Established Edible Education, a new undergraduate course on campus that introduces a large group of students (400) and community members (300) to the full range of issues under the rubric of food politics. Funded by the Edible Schoolyard Foundation, the course features weekly guests, including Eric Schlosser, Peter Sellars, Marion Nestle, Alice Waters, Robert Reich, and others. Innovations included a live webcast and YouTube archive, as well as inviting in the local community onto campus to participate. The course became a gathering place for both students and faculty engaged by food and agriculture issues, and it is being repeated fall 2012.

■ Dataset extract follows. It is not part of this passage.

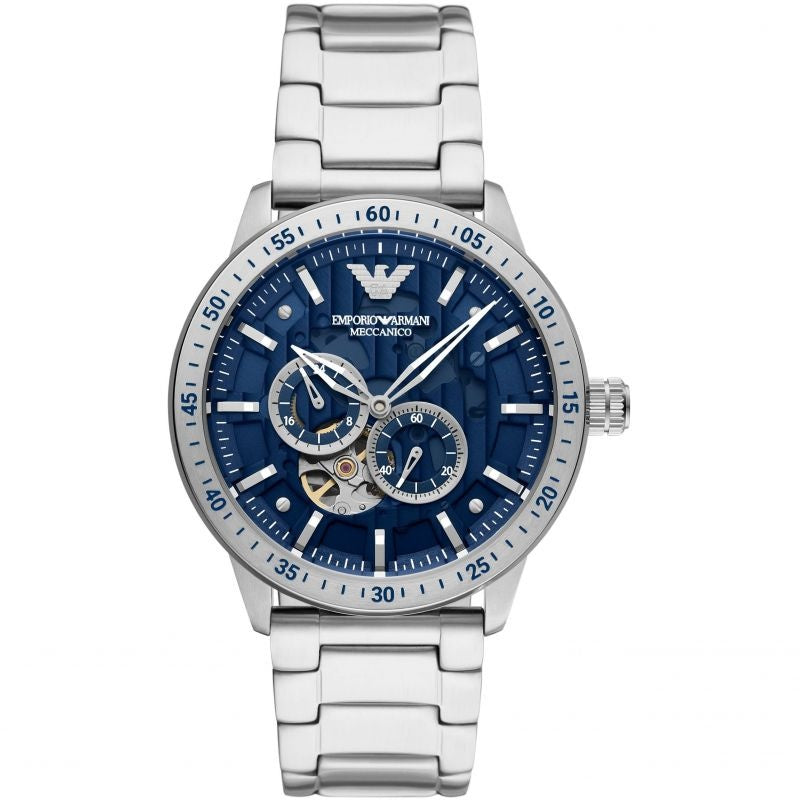 Emporio Armani Mario Chronograph Automatic Blue Dial Silver Steel Strap Watch For Men - AR60052 Buy Now By Emporio Armani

Question-and-Answer with Knight Chair
State of the industry:
What disturbs you most about journalism and the media industry today? What excites you most?
I am disturbed by so many things (the fact that my students have trouble finding jobs or getting paid for their journalism; pressure on freelance rates; the disappearance of various media outlets) but at the top of the list is the fact that the refereeing function of mainstream journalism in our society appears to be completely kaput. Case in point is the 2012 primaries and election. It would seem that the factchecking function of newspapers and TV network has lost all authority and credibility. When a TV network or the New York Times calls a candidate out on a lie, it is simply attacked as partisan. The pressure to descend to the level of Fox News is building across the spectrum.
What excites me is the fact that there is now a place to publish almost any half-way decent piece of journalism, which is very good news for my students. And if the piece is better than half-way decent, no matter where it appears, the relevant community of interest will find it. The internet has clearly expanded the audience for good writing; what’s more, once published, nothing ever disappears. On the other side of the ledger, there is a race to the bottom on fees, and many credible websites (such as Atlantic.com) are no longer ashamed to offer nothing –literally $0-- for substantial pieces of journalism.
Media innovation:
Do you think journalism programs should keep up with the quickening pace of change in the industry? How can they? What is your approach?
Journalism programs should obviously keep up with the quickening pace of change in the industry, but at the same time they should not slavishly follow every new trend or platform-- or panic. Teaching my students how to report, structure, and write a long journalistic narrative is still the most useful thing I can do for them. The market for such pieces is changing, but it still exists, in magazines, on-line (By-Liner and the Atavist, to name two excellent outlets), and book publishing. My most accomplished students over the past few years are publishing books with top publishers and receiving substantial advances—enough for them to live on. So we try not to over-react, keep our head down, and do the work.